The current year started with one mass shooting after the other, and the violence kept coming. War in Ukraine. Another mass shooting. War in Yemen and Sudan. Another mass shooting. Another war in the Middle East. Another mass shooting. In between a huge firestorm on Maui, worldwide typhoons, floodings, hurricanes, a massive earthquake in Afghanistan. Each time many many many many dead. Never-ending wild fires in Canada, very high air pollution all over the continent. Record breaking prolonged heat waves. Are we keeping track of these accelerations? Are we aware of the loss of balance? These days we humans are so exposed in our fragility, so fallible with our fears and confusions. Chaos and turmoil, endless lies and cheating, all seem normal. Some can keep their heads buried in the sand. But everything is boiling, even the sand, the parched earth, the dry throat.  

 

And yet, after Spring’s ferocious atmospheric rivers and cyclone bombs, the hummingbirds are back in my garden. And the acrobat squirrels fly and sail again along the albeit diminished branches of oak trees. The Asian pear tree is carrying an overabundance of golden, juicy, crispy fruit. I share with friends, and bring each Thursday a small basket full for Charlie and Sam, two farmer’s market vendors.
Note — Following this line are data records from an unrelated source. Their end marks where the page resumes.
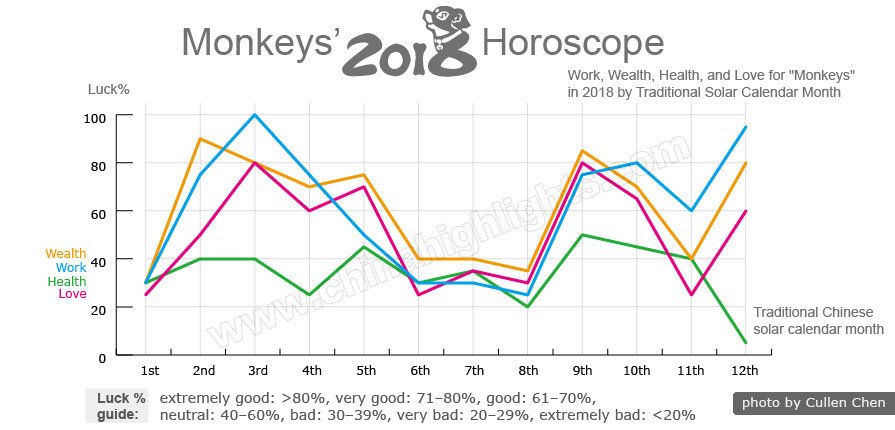 Monkey Horoscope 2021  Feng Shui Predictions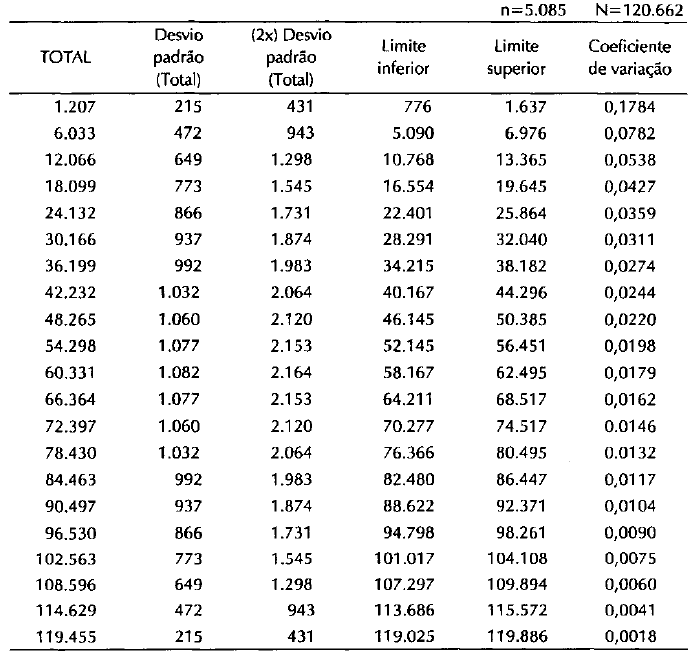 Tabela3_índice de devolução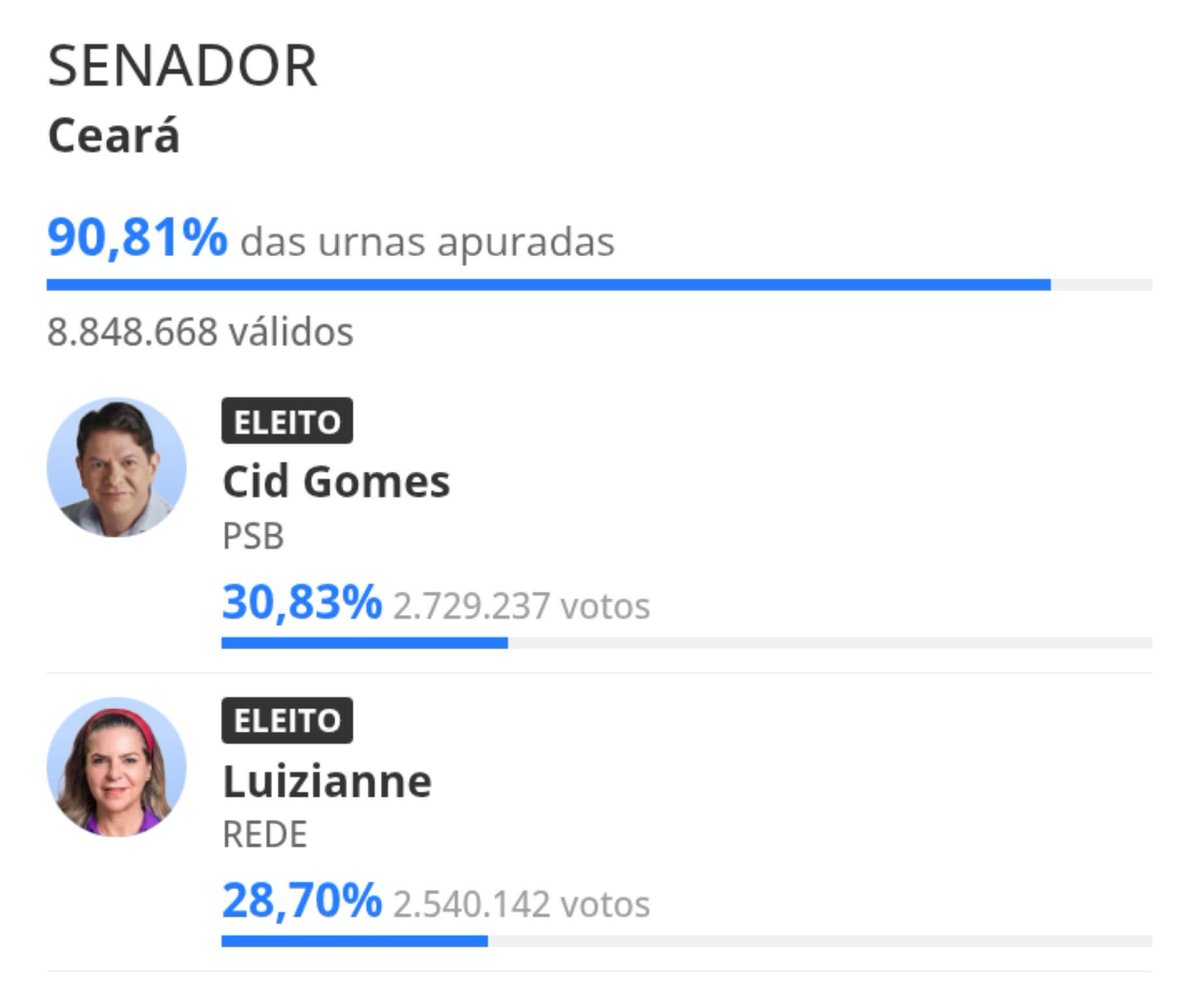 nighttwings's tweet photo. eles contra 5 mil satanás naquele congresso https://t.co/ELJrXZpucy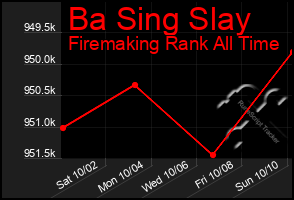 Total Graph of Ba Sing Slay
In return they insist on gifting me mushrooms, rice, and roasted almonds. We talk, joke, laugh. Last week Sam greets me with a hug, the world news is just too awful, we exclaim to each other. Animatedly gesturing, we protest and lament over so much inhumanity. On each side. Yes, we must learn to hold complexity, historical backgrounds, paradoxes, the bigger picture. Holding both: the Sorrow and the Joy. 

 


Having experienced plenty of both in my life, I always feel they belong together. I do not run from either.  Don’t ask me, is this better or that? My students already know, I will answer: yes, both!  Smile, and then explain the complexities. Yang has a drop of Yin in it, Yin a drop of Yang. The promise: one changes into the other. This moves the energy. Brings about flow. Yin exhausted, or overfull, becomes its opposite, then Yang becomes Yin again, smoothly at best, no dead-end. Yin and Yang relating to each other, belonging together, balancing, participating in Cosmic Eternal Change. 

 

The other day, I hear myself humming a soothing lullaby. It is one of the German-style Kabarett songs I wrote in 1988 for my solo theater piece i.e. Deutschland.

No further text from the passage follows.